__Assignment__
Everything from the line that holds "Step 1 Prepare" through the end of the records below is to be transcribed exactly, except the pictures.

━━━ Data supplied

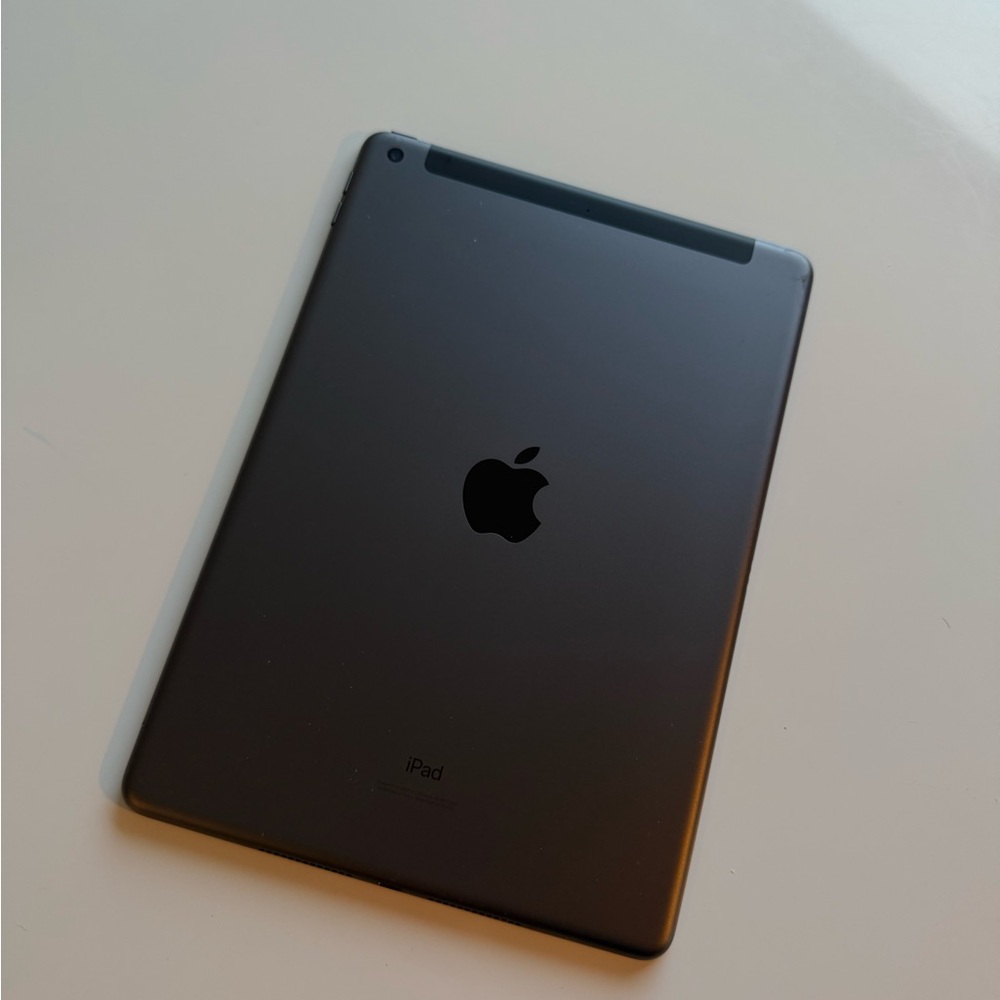 Apple iPad - Black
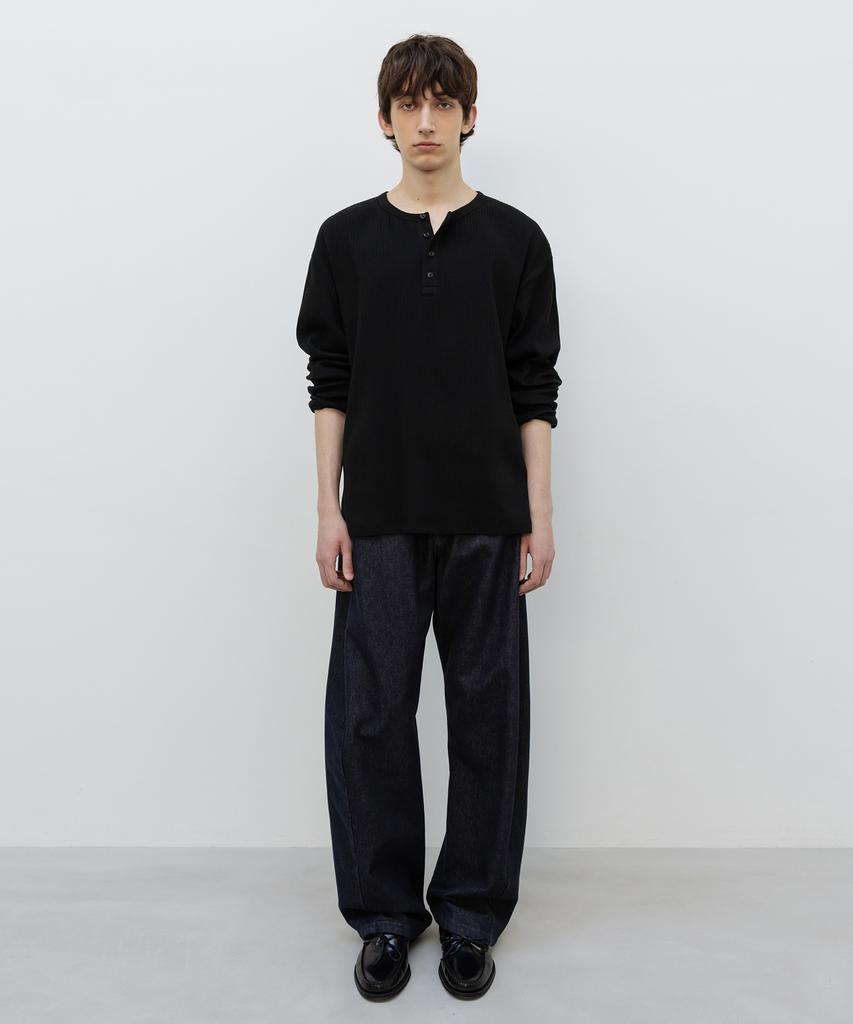 INSILENCE Rib Henley Neck Long Sleeve Black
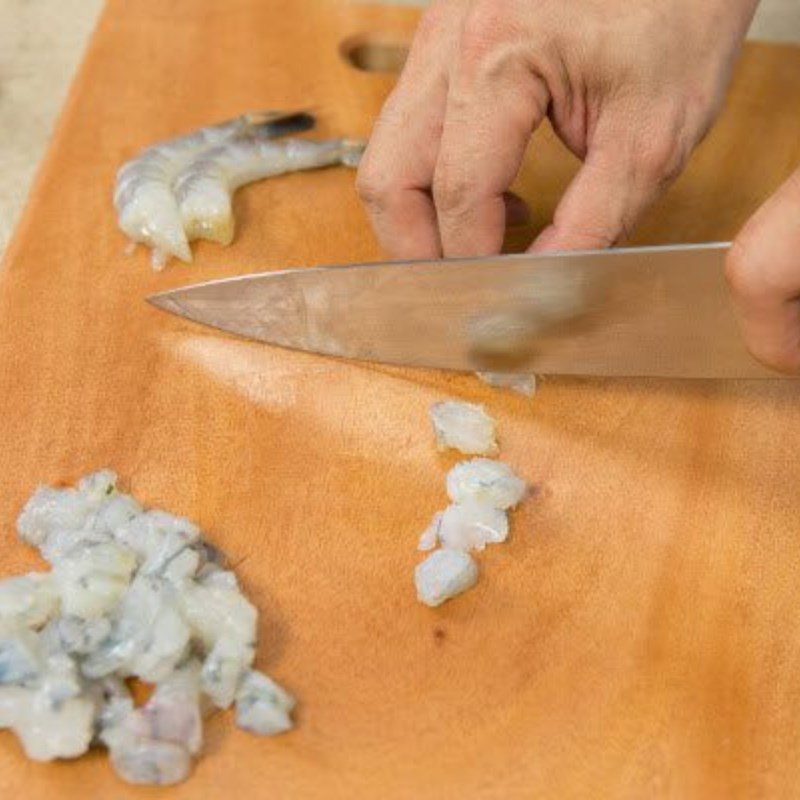 Step 1 Prepare the squid and shrimp Stuffed squid with fried almonds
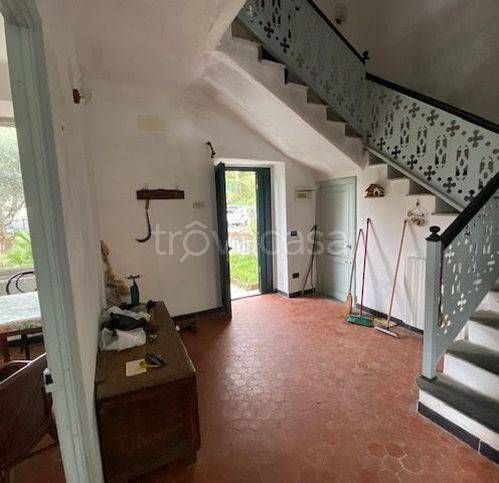 casa indipendente in vendita a Prelà in zona Tavole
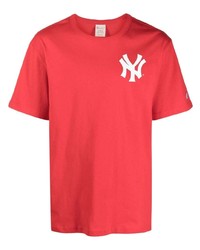 rotes und weißes bedrucktes T-Shirt mit einem Rundhalsausschnitt von Champion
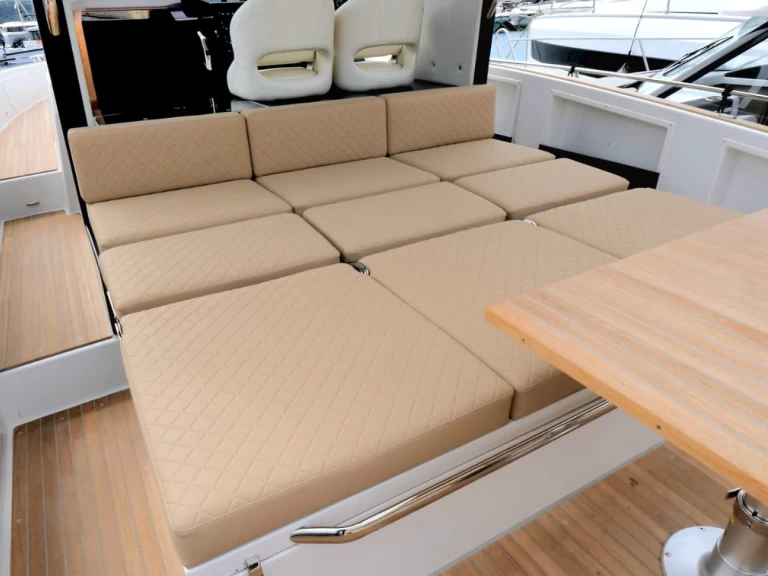 Motorboot mit oder ohne Skipper Lucky Wood mieten in Zadar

━━━━━━

__Response to this task__
 Step 1 Prepare the squid and shrimp Stuffed squid with fried almonds
 casa indipendente in vendita a Prelà in zona Tavole
 rotes und weißes bedrucktes T-Shirt mit einem Rundhalsausschnitt von Champion
 Motorboot mit oder ohne Skipper Lucky Wood mieten in Zadar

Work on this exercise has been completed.